É necessário, portanto, um exame da totalidade na qual a oposição campo/cidade e rural/urbano não seja tomada como fundamento das análises, pois a modernização da agricultura, sua transformação em agricultura capitalista, acabou com a centralidade de tal oposição. Ao tornar-se capitalista, a explicação da dinâmica agrícola se dá com base no processo de acumulação e no papel de seus atores, no qual as políticas públicas levadas a cabo pelas frações de classe que tomaram o Estado e as estratégias empresariais adquirem enorme importância como matriz explicativa da organização espacial.

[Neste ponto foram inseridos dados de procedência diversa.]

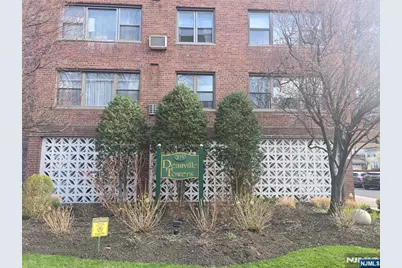 275 Hoym Street 3G #3G, Fort Lee, NJ 07024 - Photo 2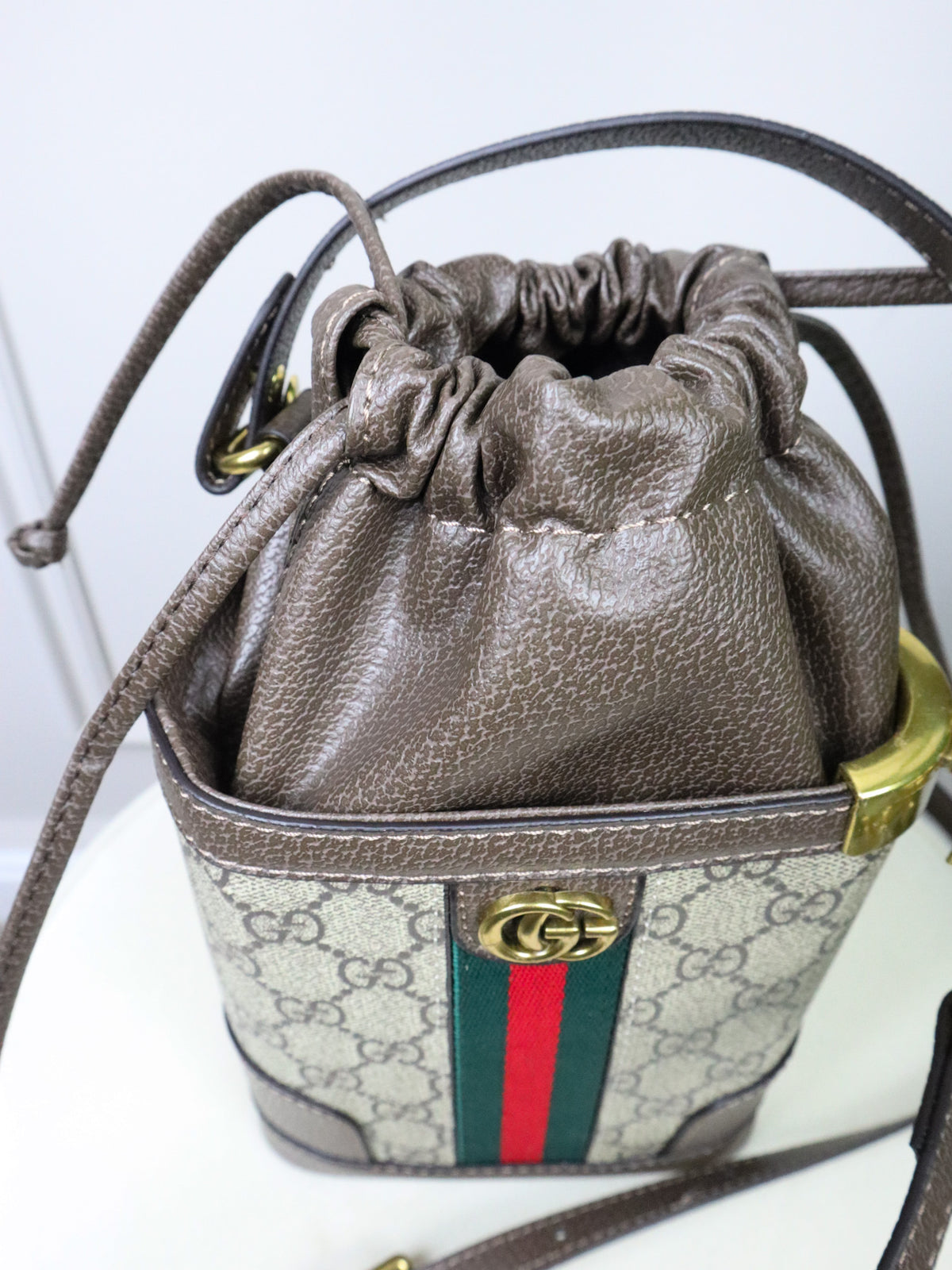 GUCCI Borsa Ophidia GG Supreme Mini Bucket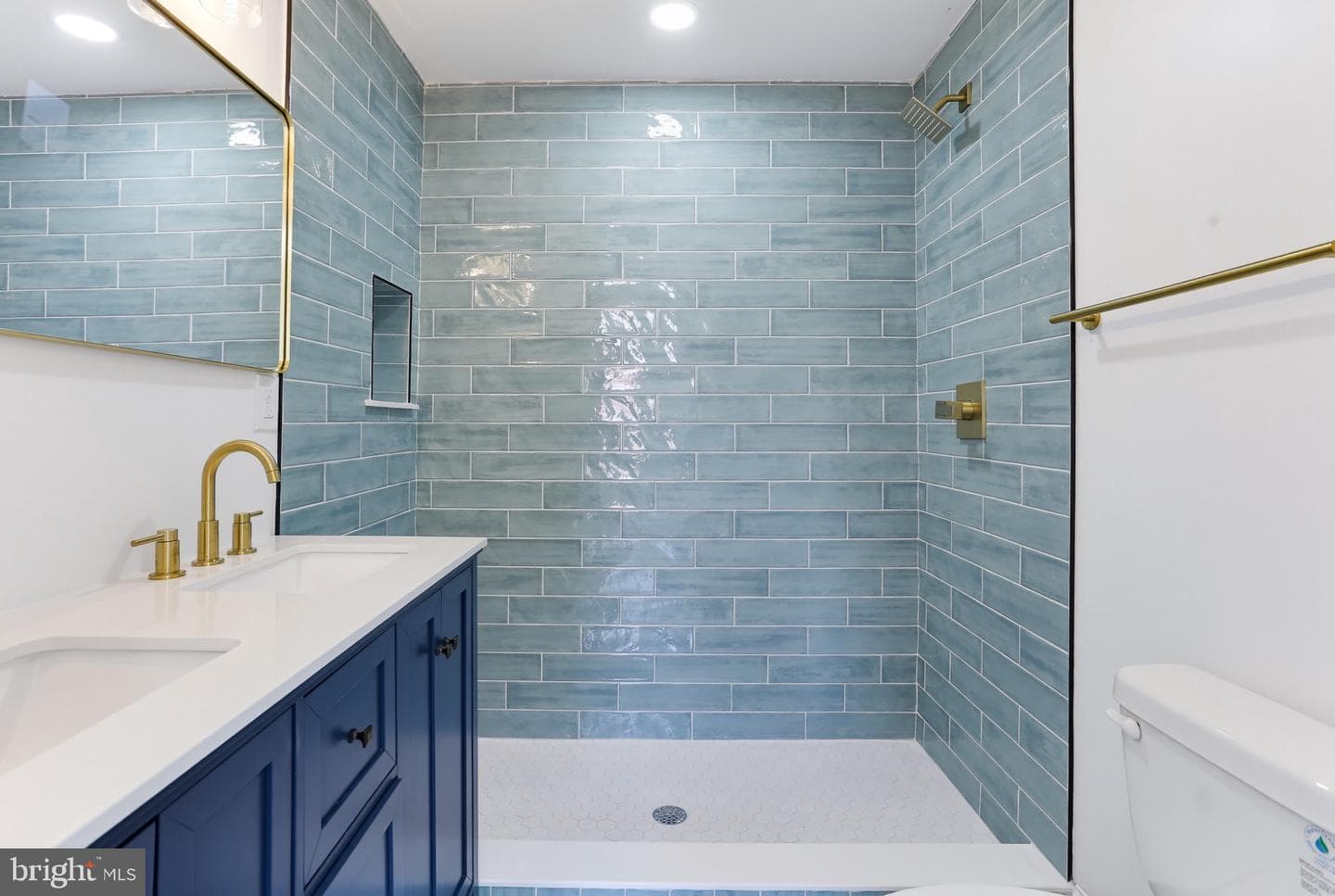 1315 N Broadway photo 18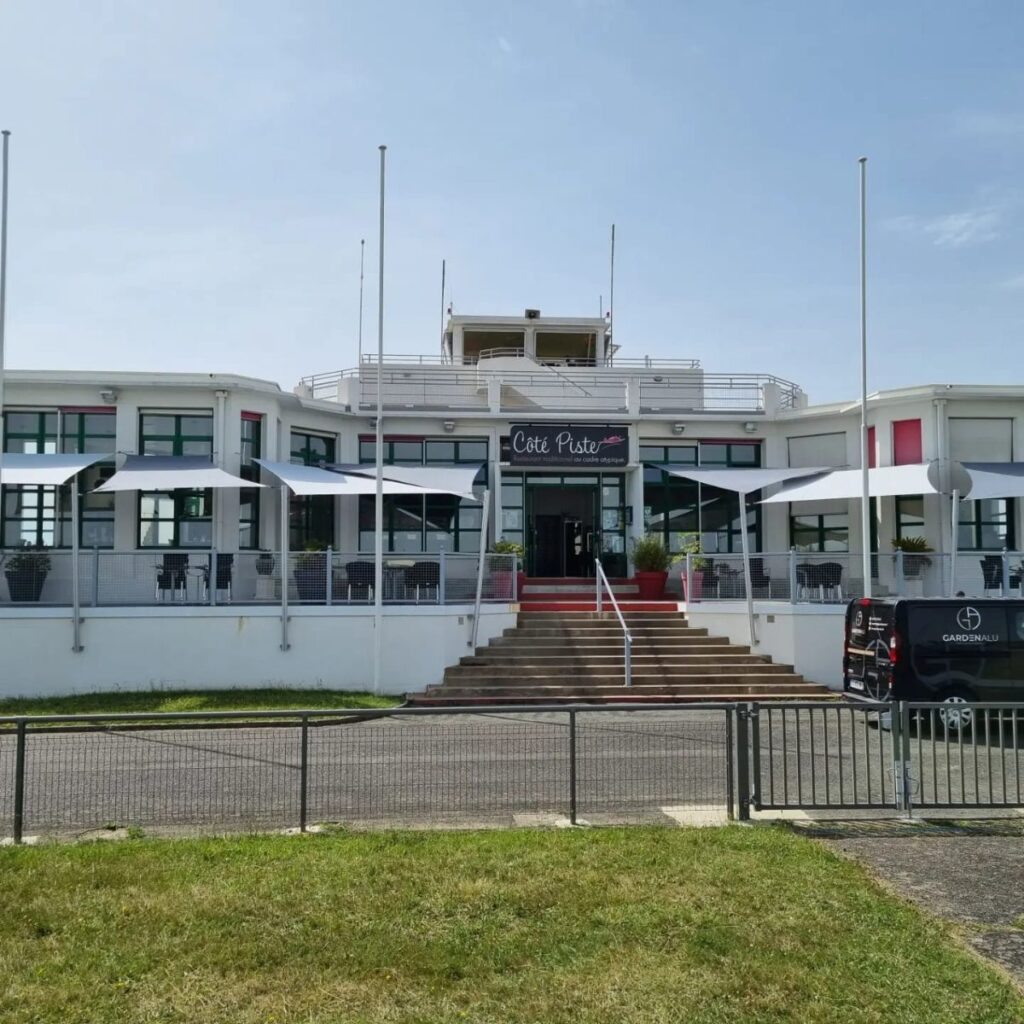 Voiles d'ombrage restaurant Côté Piste - Cholet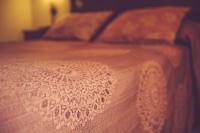 Zimmer mit Kingsize-Bett und Gartenblick.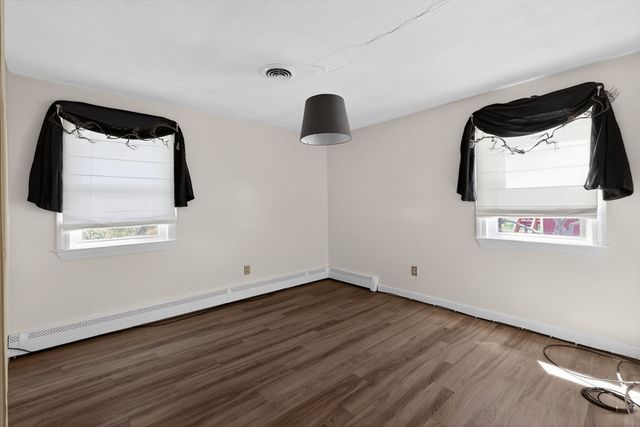 4 Fisher St, Taunton, MA 02780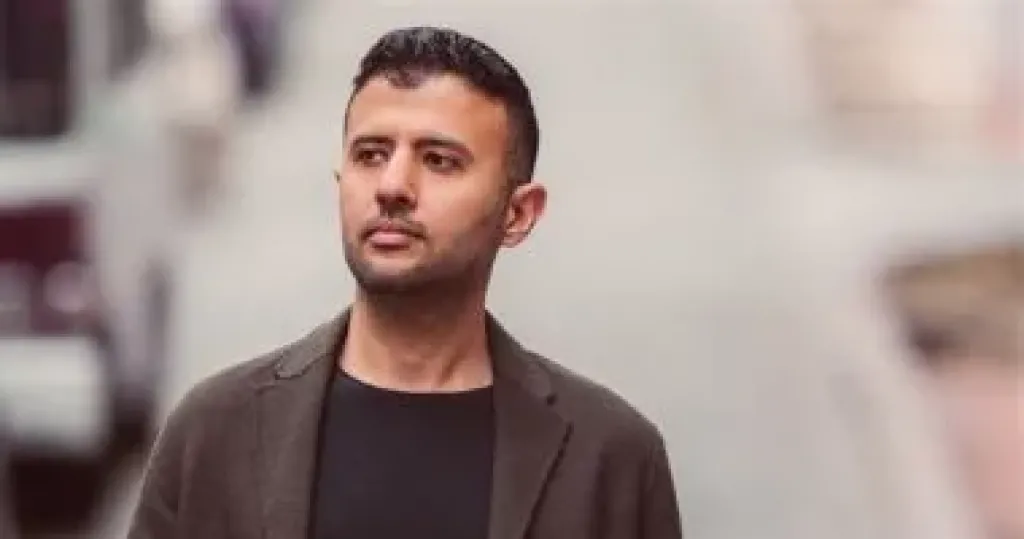 حمزة نمرة يغني تتر مسلسل «وينك من زمان»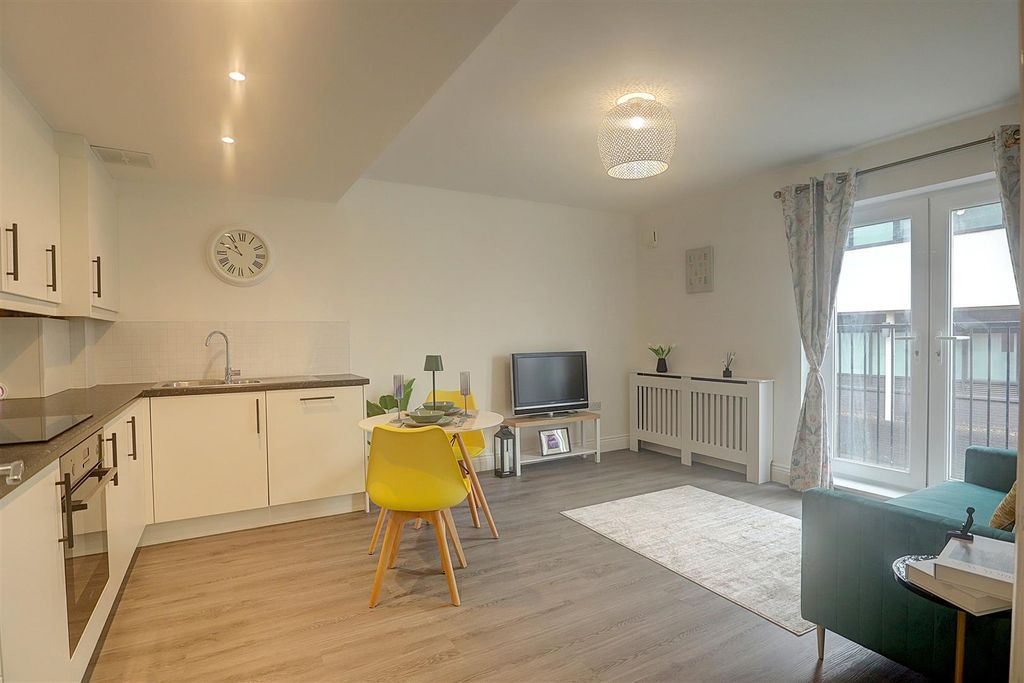 Property photo 2 of 10 Lounge/Kitchen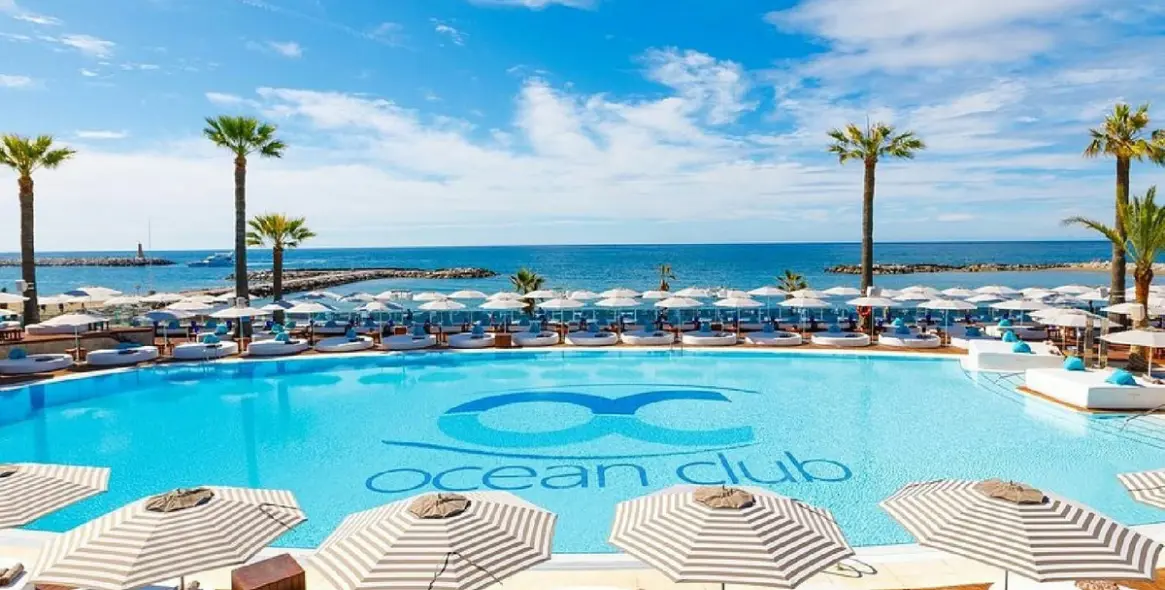 Sale of ground floor apartment in Puerto Banús 33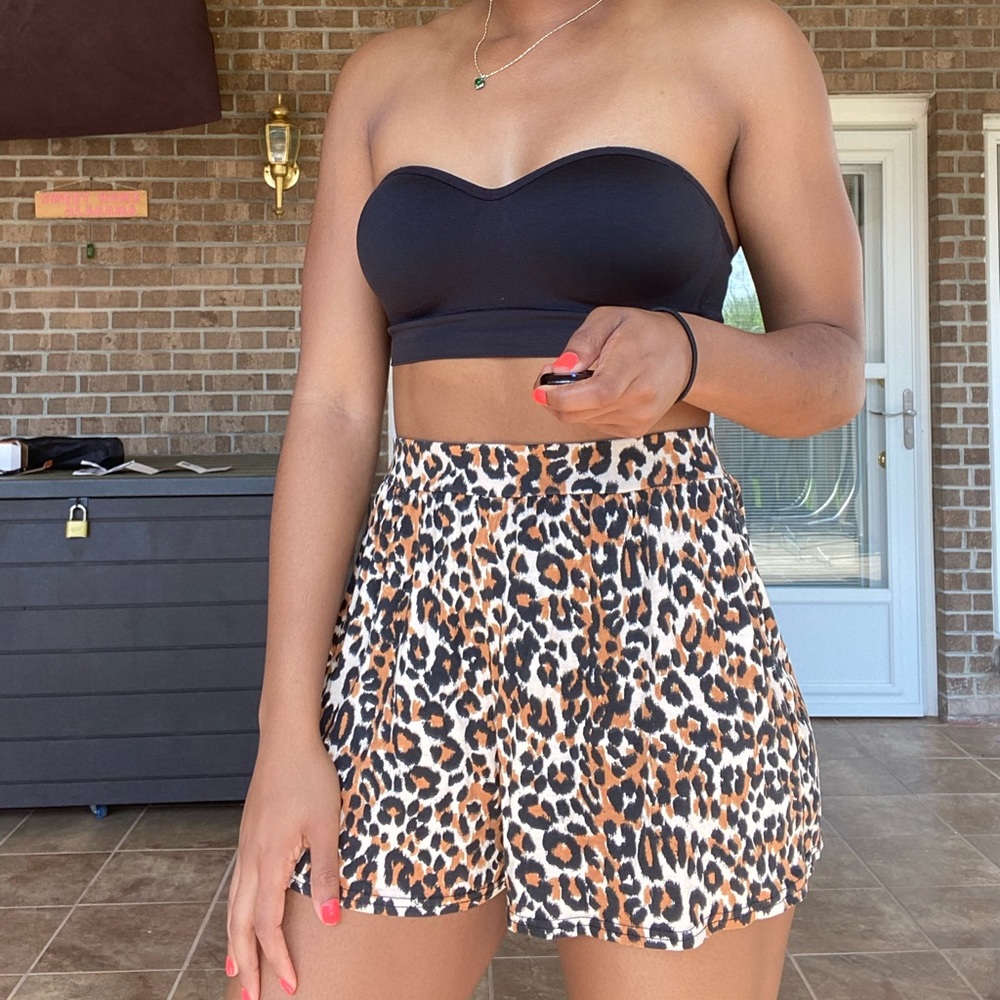 Boohoo brand leopard flowy shorts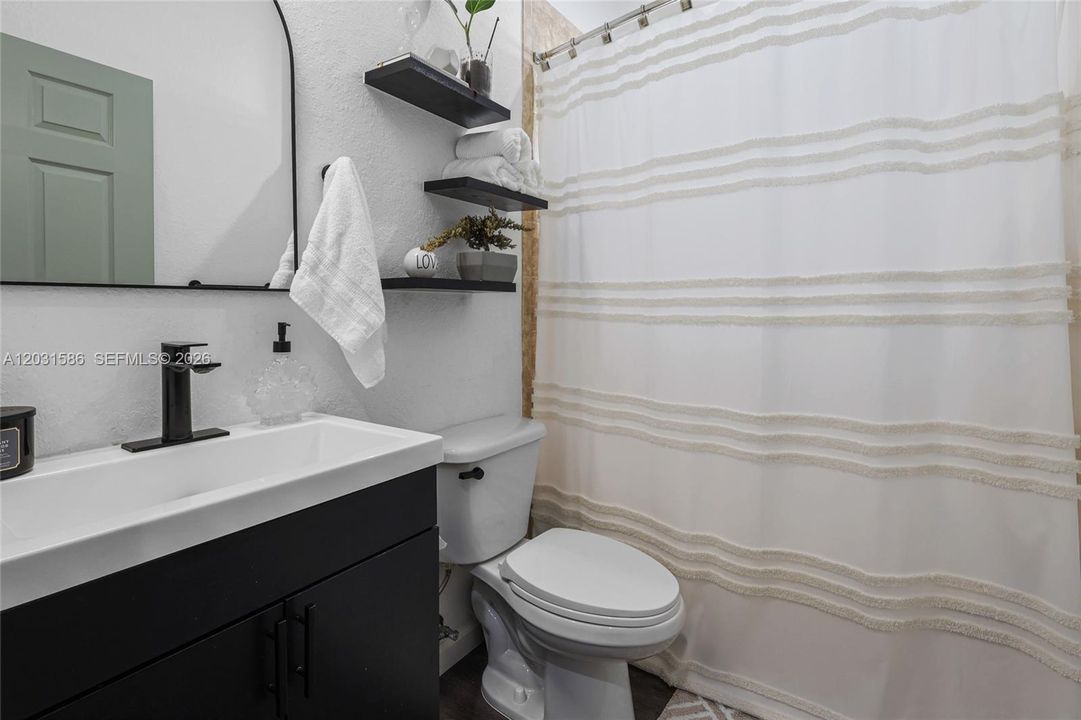 For Sale: $600,000 (4 beds, 2 baths, 1527 Square Feet)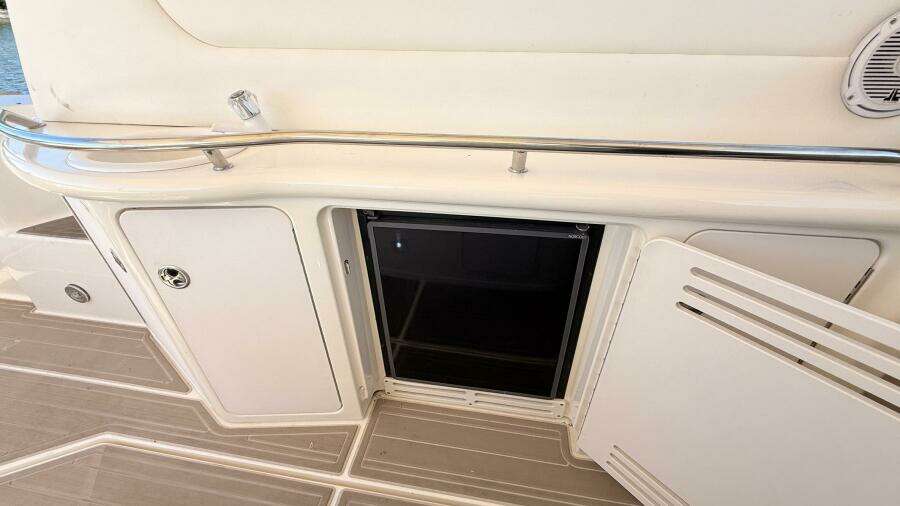 Banking Memories 41ft Sea Ray Yacht For Sale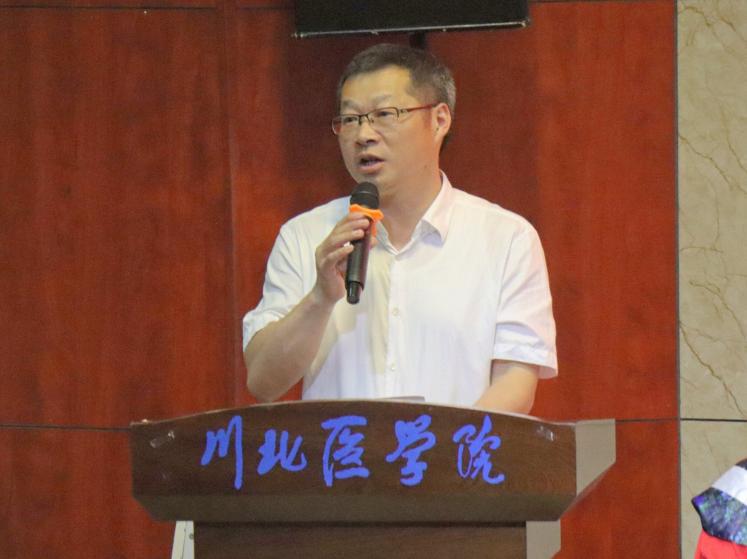 外国语言文化系举行2022届学生毕业典礼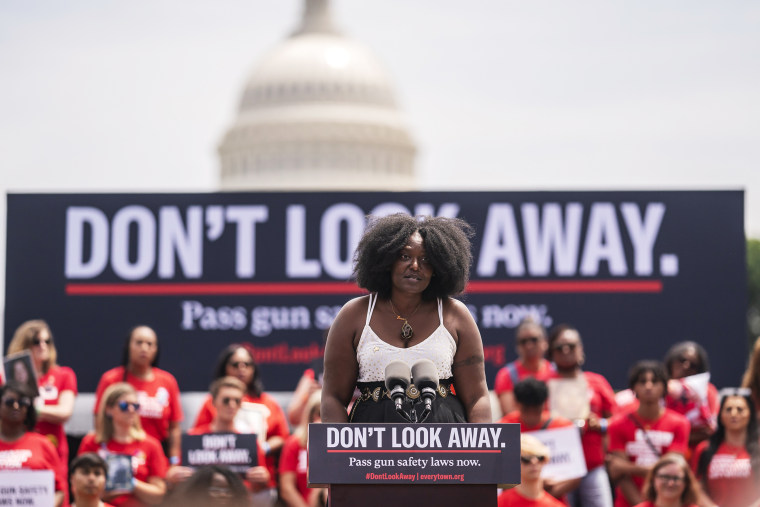 Image:Zeneta Everhart speaks about her son Zaire Goodman, who was shot but survived in the recent Buffalo mass shooting, during the Moms Demand Action Gun Violence Rally on June 8, 2022 in Washington.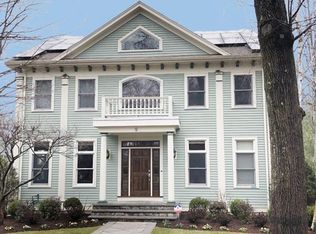 9 Crown Ridge Rd, Wellesley, MA 02482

Assim, a questão agrária não deve ser vista apenas como um debate sobre o direito à posse da terra, mas sim em uma dimensão mais ampla que visa à própria questão do abastecimento alimentar da população. Dominar o padrão tecnológico, desenvolver as forças produtivas de forma soberana é fundamental para qualquer projeto nacional que vislumbremos. Debater a questão agrária hoje só faz sentido se ela estiver inserida em um projeto nacional, buscando sua relação com a totalidade econômica e social do país.
Do ponto de vista nacional, ter a capacidade de alimentar sua população é tão ou mais importante que qualquer política relativa à defesa do território. Um país que não consegue produzir alimentos suficientes, ou não tem capacidade para fazer com que tais alimentos cheguem à mesa de sua população, acaba se tornando dependente de importações de alimentos fazendo com que sua soberania alimentar acabe se tornando um ponto fraco da própria consolidação da sua soberania nacional.
* Fernando dos Santos Sampaio é doutor em Geografia pela Universidade de São Paulo (USP); e professor associado da Unioeste (Universidade Estadual do Oeste do Paraná), campus Francisco Beltrão.